***** DATASET EXTRACT *****
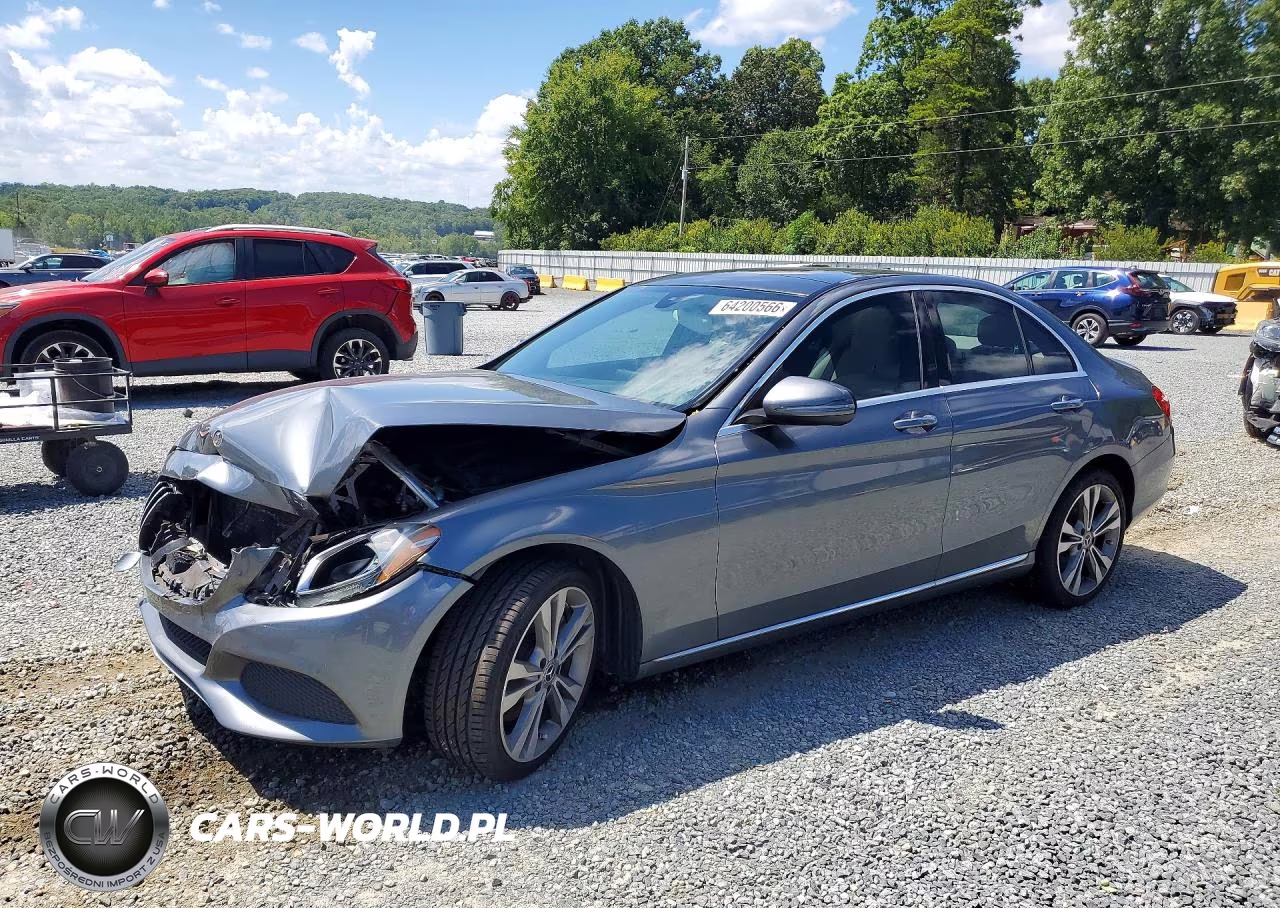 2018 Mercedes-Benz C 300 – zdjęcie 1 z 12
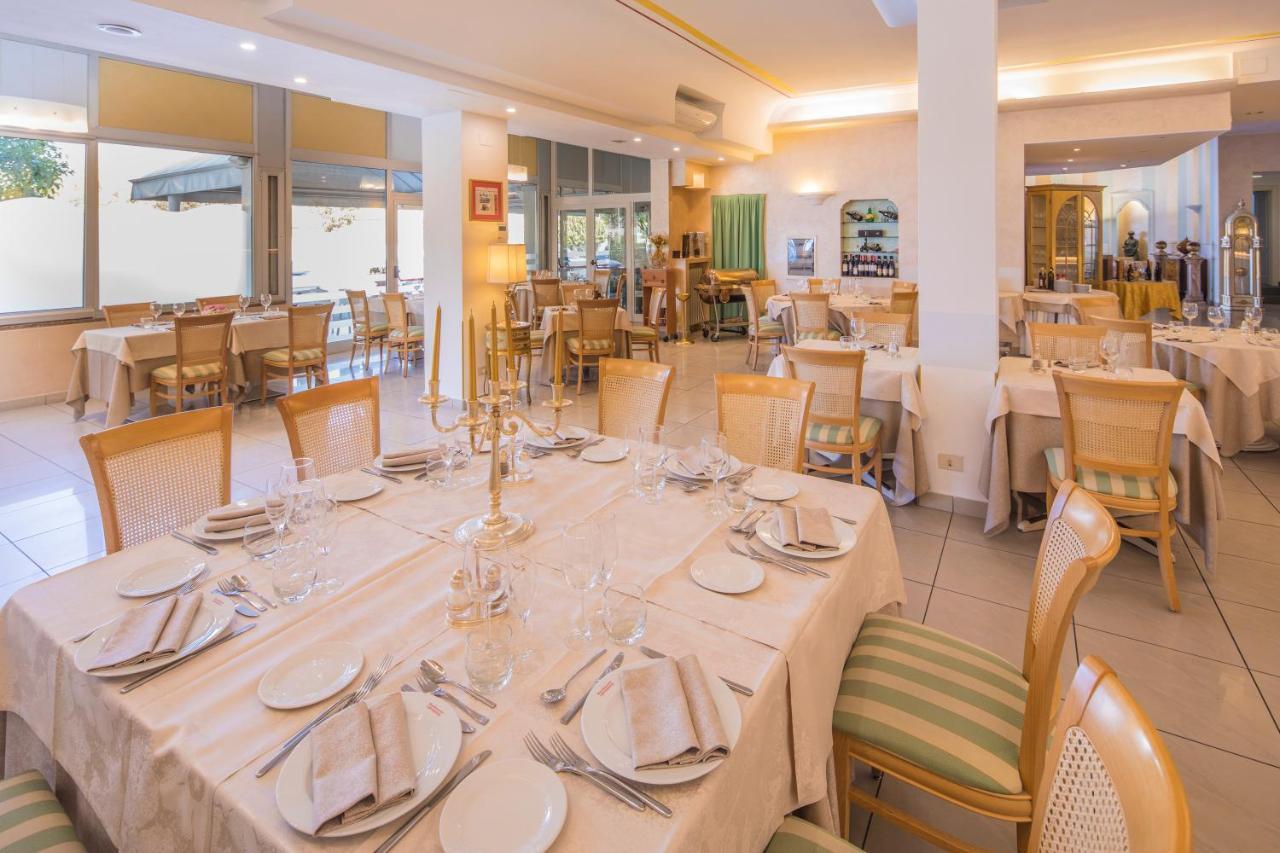 Hotel Ristorante Continental Osio Sotto Ngoại thất bức ảnh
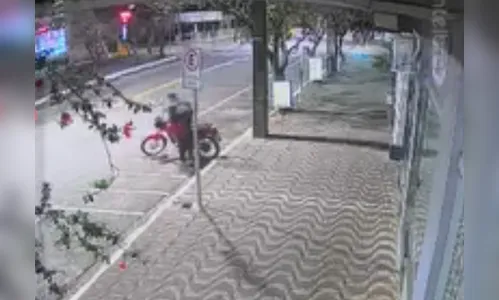 
							Câmeras de segurança flagram suspeito furtando moto durante a madrugada em Apucarana
						
						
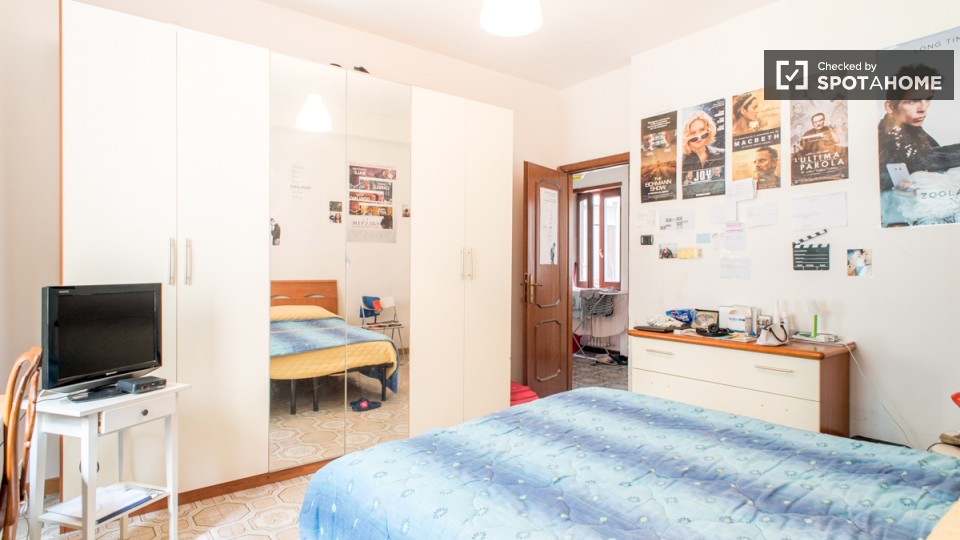 Immagine 3 di Camera condivisa in affitto  in Largo Somalia a Roma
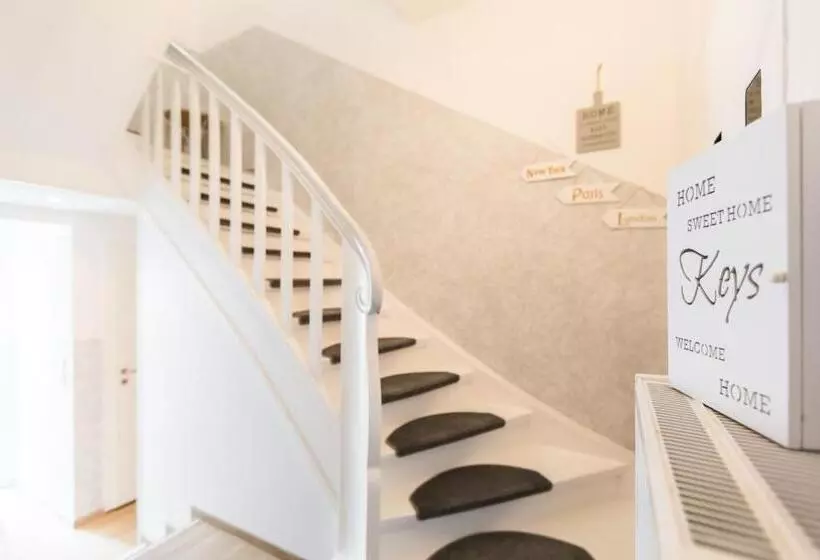 Hotelli My Messe & Business Home   Refrath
*****
▸ TASK
In the records above, find the line that contains "Hotel Ristorante Continental", then write it out along with every line after it, exactly, through the last one. Leave the pictures out.

▸ THE ANSWER
 Hotel Ristorante Continental Osio Sotto Ngoại thất bức ảnh
							Câmeras de segurança flagram suspeito furtando moto durante a madrugada em Apucarana
						
						
 Immagine 3 di Camera condivisa in affitto  in Largo Somalia a Roma
 Hotelli My Messe & Business Home   Refrath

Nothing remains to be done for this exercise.